DETAILED DESCRIPTION OF THE PREFERRED EMBODIMENTS
Concrete embodiments to which the present invention is applied will
hereinafter be described in detail with reference to the drawings.
The present embodiments are examples in which a wireless
communication apparatus according to the present invention is
applied to a portable telephone.
First Embodiment
As shown in FIG. 1 and FIG. 2, a wireless communication apparatus 1
according to the first embodiment mainly includes a circuit
component, for example a radio-frequency wireless communication
circuit (RF circuit) 3 provided on a printed wiring board 2, and a
shield case 4 as a conductive member disposed (provided) on the
printed wiring board 2 so as to cover the radio-frequency wireless
communication circuit 3 within the shield case 4.
In addition to the radio-frequency wireless communication circuit
3, various electronic parts 5 such as an LSI and the like
comprising a control unit for signal processing are mounted on the
printed wiring board 2, as shown in FIG. 3. The radio-frequency
wireless communication circuit 3 is an RF circuit used in an
ordinary portable telephone, and is a circuit for transmitting and
receiving a radio-frequency signal via an antenna.
The shield case 4 is in a shape of a box of such a size as to be
able to house the radio-frequency wireless communication circuit 3
and the various electronic parts. 5 within the shield case 4. The
shield case 4 is formed of a conductive material, and opened at a
bottom opposed to the printed wiring board 2. The conductive
material forming the shield case 4 includes a resin plated with
copper or silver, for example, copper treated to be rust resistant,
and the like.
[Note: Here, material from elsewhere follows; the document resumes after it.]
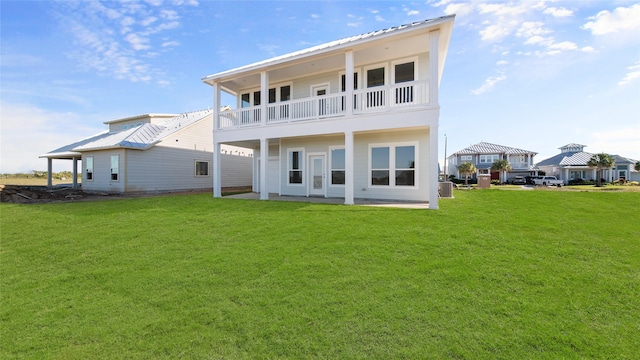 back of house featuring metal roof, a lawn, a balcony, and a gazebo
The shield case 4 functions as an electromagnetic
wave shielding member for blocking undesired electromagnetic waves
emitted from the radio-frequency wireless communication circuit 3.
Also, the shield case 4, specifically a skin portion of a top
surface 4a functions as a ground conductor of a slot antenna.
Specifically, as shown in FIGS. 1 to 3, the shield case 4 has a
notch portion (slot portion) 6 formed therein, which portion
operates as a slot antenna. The notch portion 6 is formed as a
through hole extending from the top surface 4a of the shield case 4
to a bottom surface 4b of the shield case 4, and having a long and
narrow rectangular plane shape in a direction of thickness thereof.
Length L1 in a longitudinal direction of the notch portion 6 is set
at 1/2 of a wavelength .lamda. of a frequency used in the portable
telephone, for example. Width W of the notch portion 6 is desirably
about 1/150 or more of the wavelength .lamda. of the frequency used
in the portable telephone, for example.
A bottom portion 7 of the notch portion 6, that is, a surface of
the printed wiring board 2 which surface is opposed to the notch
portion 6 is an insulating portion for the functioning of the notch
portion 6 as a slot antenna. In this example, the bottom portion 7
of the notch portion 6 is formed by removing a ground plane of the
printed wiring board 2 to eliminate conductivity. Specifically, the
surface portion of the printed wiring board 2 which portion is
opposed to the notch portion 6 is a dielectric formed of glass
epoxy by removing a conductor pattern or the like.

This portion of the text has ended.